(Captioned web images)
————————
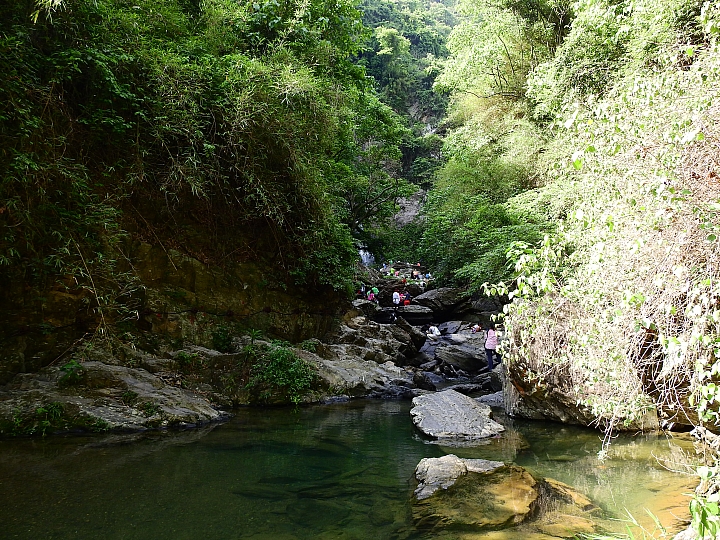 帶著Nikon P900去旅遊：迷霧森林、18度C、熊大庄、涼山瀑布、鳥松濕地及高通通農民市集，P900記錄精彩。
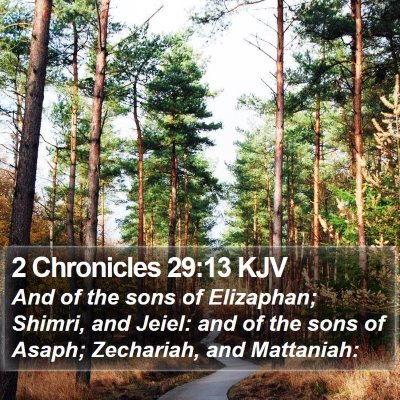 2 Chronicles 29:13 KJV Bible Verse Image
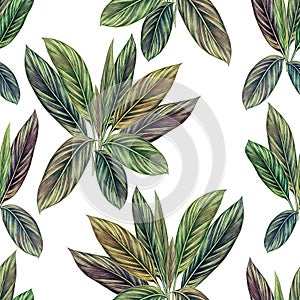 Watercolor painting colorful with green leaves seamless pattern background. Watercolor hand drawn illustration tropical exotic lea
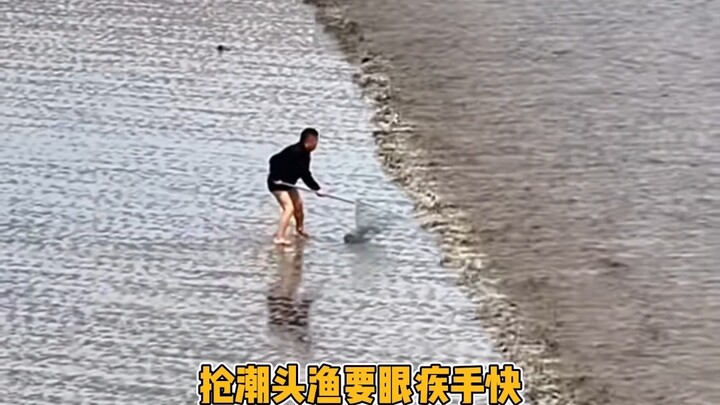 Việc tranh bắt cá đầu sóng rất nguy hiểm, quý vị không nên xuống ao bắt theo nhé!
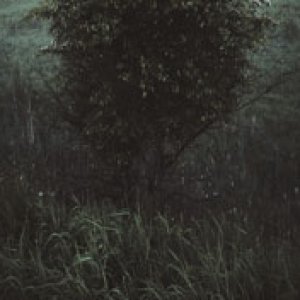 album Hints - Lloyd Turner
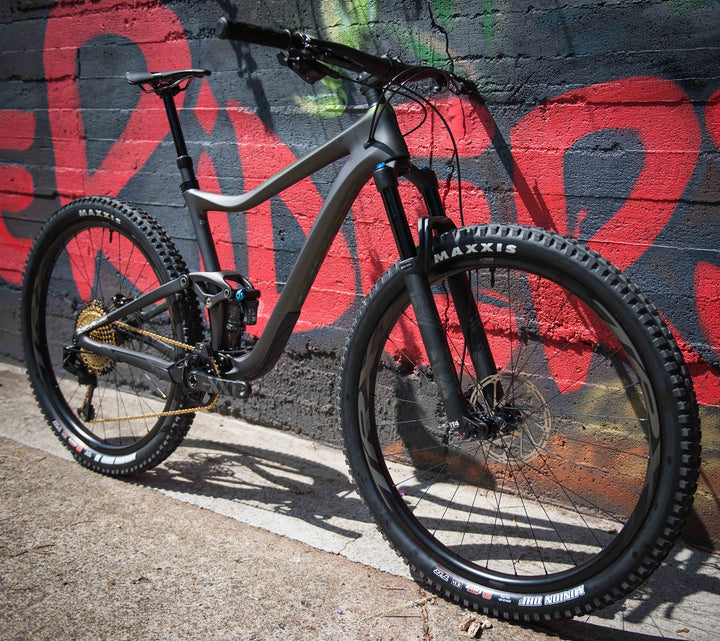 Giant Trance Advanced 29" custom mountain bike Brisbane For The Riders 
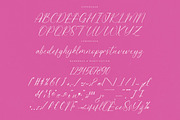 Petalip Orchid Modern Freestyle, a Script Font by Letterena Studios Script (Thumbnail 13 of 15)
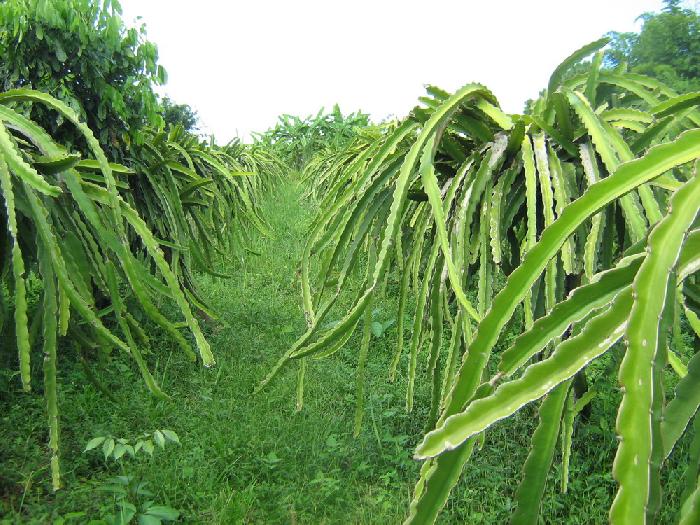 Photo by :: �.˹�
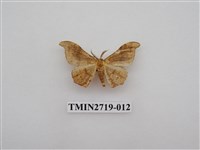 藏品(尺蛾270)的圖片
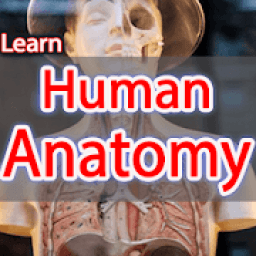 ikon Anatomy Learning Human offline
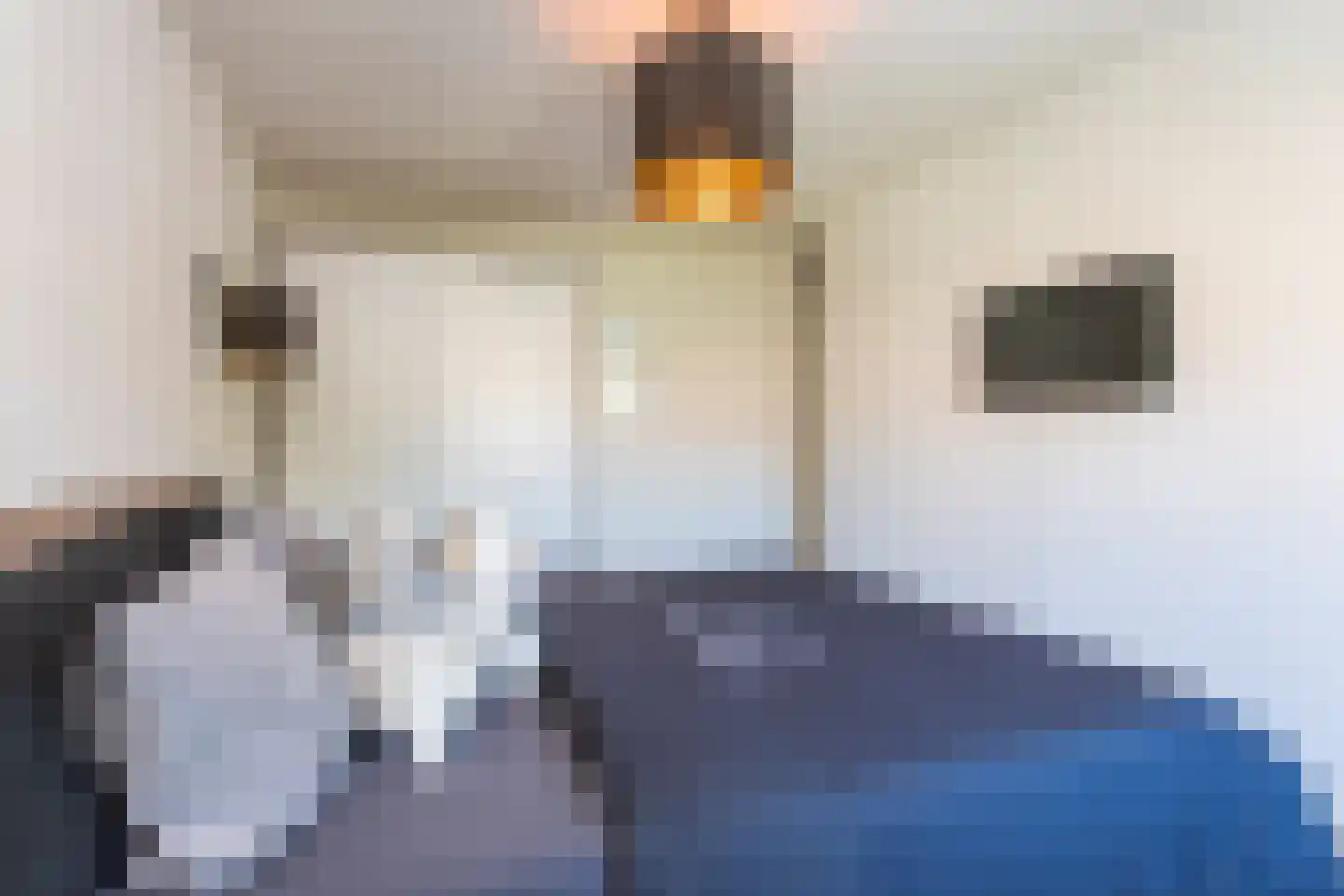 Beukengaard 28 Goirle thumbnail 18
————————
What you are asked to do ->
Omit the pictures and retype exactly the lines from the one containing "Việc tranh bắt" through the end of the entries above.

Reply ->
 Việc tranh bắt cá đầu sóng rất nguy hiểm, quý vị không nên xuống ao bắt theo nhé!
 album Hints - Lloyd Turner
 Giant Trance Advanced 29" custom mountain bike Brisbane For The Riders 
 Petalip Orchid Modern Freestyle, a Script Font by Letterena Studios Script (Thumbnail 13 of 15)
 Photo by :: �.˹�
 藏品(尺蛾270)的圖片
 ikon Anatomy Learning Human offline
 Beukengaard 28 Goirle thumbnail 18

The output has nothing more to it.